Baber took me on a date to one of my favorite seafood restaurants a couple of weekends ago. I dressed up, he held my hand, we talked about everything under the moon across a wooden table with beer in our hands. The most fabulous dishes were placed before us and we ooed and ahhed over them. Afterwards, he took a different route on the way home and we ended up on the grounds where we were married just 10 months ago.

It was dark out, so I struggled with being a 'fraidy cat and living in the romantic moment. Okay, so I didn't struggle, I blurted out a few times that someone was going to "get" us, but J grabbed my hand and told me not to ruin this. *snicker*

We walked hand in hand around the beautiful grounds, past the fountains and trees and lighted seating areas. Reminisced about the night we were made husband and wife. I was grinning ear to ear. My husband is spontaneous, so I never know when he's going to pull a romantical stunt on me.

My husband loves me. He doesn't send me flowers all the time, he doesn't buy me gifts. He doesn't dedicate songs to me on the radio. But he loves me, and he does show it.

When we pull in for gas at the local station he always comes out with two banana Laffy Taffys; one for me, one for him, to enjoy together. At night, J turns on my air purifier for me before I even get in the bed. He also lets me spoon him at night, even though he thinks he should be spooning me. On pizza night, he saves the middle pieces for me when we bake one of those brickhouse square pizzas. Even when I object, he still saves them for me.

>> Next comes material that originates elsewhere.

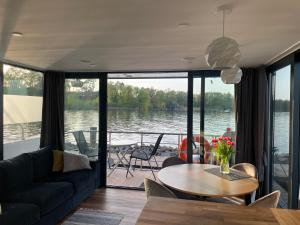 a living room with a couch and a table at Modernes festliegendes Hausboot mit großzügiger Dachterrasse und Ruderboot in Röbel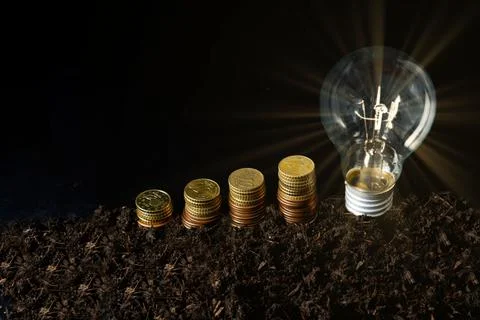 Illuminated light bulb with coins stack Foto stock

He always does the dishes because he knows how much I despise that chore. When he talks or brags about me to one of his friends or work buddies he always tells me about it later, knowing I would never hear it otherwise.

We should all really pay attention to what we have. Stop nit picking and hanging on what we don't have or what our loved ones don't do for us. Love is shown in so many ways, so many forms. We should appreciate these little moments, acts of affection, ways of giving.

And love the one we're with.

5 comments:

LindseYaYa said...

That's a fact!!! And the truth is, if we embrace that love, and reflected back- our partners flourish and thrive. Can you imagine the environment that creates for your children!?!? what a beautiful cycle to perpetuate! No matter what... I choose Hope. I live in the possibility of Today. Jill, you are easy to love- because you notice! Xo

Sister Copinherhair said...

Very well said... I couldn't agree with you more. Our happiness is more often than not standing right before our eyes. :)

C said...

this is SO true, what wonderful memories you will have when you are old... remembering nights just like this will warm your hearts.

c

Amanda Kay said...

Jill. I love you. Seriously your amazing! This world needs to be filled with more you, more positive thinkers. I'm so glad that you found such wonderful true love! Your an amazing woman and you deserve every bit of everything you have! ((hugs))

Claudine said...

Your husband is amazing! You're a lucky woman, but I'm sure he's a lucky man for having you, too.